As you come out of the stair case this is the view that greets you straight ahead.  In clearer weather it must be unbelievable.  Although this cloud cover gave us nice even lighting.

Looking left this is what you'll see. It was funny to see how comfortable some people were up here.  Funnier still how uncomfortable some us were!

Get really brave and start wandering about anywhere...even the ridge line!

Looking down at the Plaza where I'd had a glass of champange
with Arlene the day before, celebrating our arrival in Santiago.

This curved door completely intriuged me.
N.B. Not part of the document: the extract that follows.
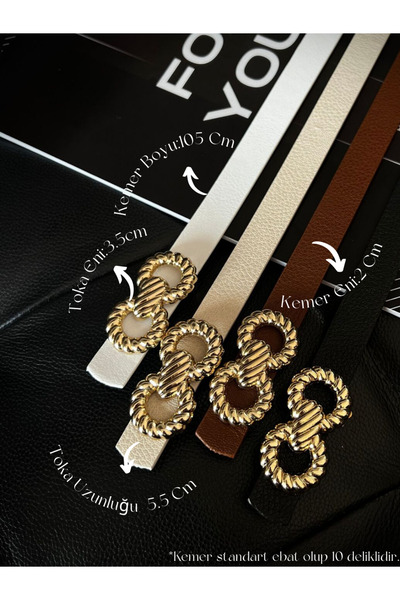 Fiori Pachet de 4 produse de ofertă - centură subțire cu cataramă aurie pentr...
Look around the city, heck look anywhere in Galicia and you'll see mosses, lichens, flowers and ferns popping out of crevices and clinging to walls.  While I found them beautiful to look at, they worried me.  I was concerned they might be causing damage to the buildings.  Andy our guide assured me that they don't.  In fact he said one of them and I'm not sure which color it was, actually acts in a protective manner for the stone face. You can see at least three colors of lichens, one moss, and two different flowers just on this one piece of ornamentation!
While looking at the building was fun...looking in was almost as much!  Being able to view parts of the great gilded altar from the roof top windows was amazing.  Someone needs to tell housekeeping they missed a spot!
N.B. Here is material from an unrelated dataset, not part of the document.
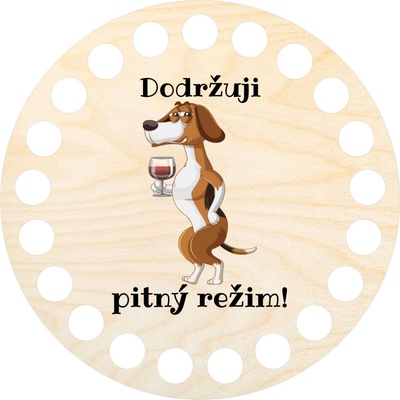 Woody Crafts Dno, víko, kruh 10 cm, Dodržuji pitný režim – Zboží Dáma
Interesting and understandable, to see how the gold is only on the parts that show!

Ok...so I don't like doing windows either.




This tour was terrific and I truly recommend it to any and all going to Santiago!  But now it's time for a beer, a reward for climbing so high and getting clamy hands and feet!!   I'm off from there...humming me a little James Taylor.!!

Since my friends and family know how much I don't like heights...I had to have this picture taken up there as proof positive!  See I didn't just send my camera up with Hunter!













12 comments:

  1. Wow! This would be a VERY cool option to add to our tour! I didn't even know this tour existed. Awesome post!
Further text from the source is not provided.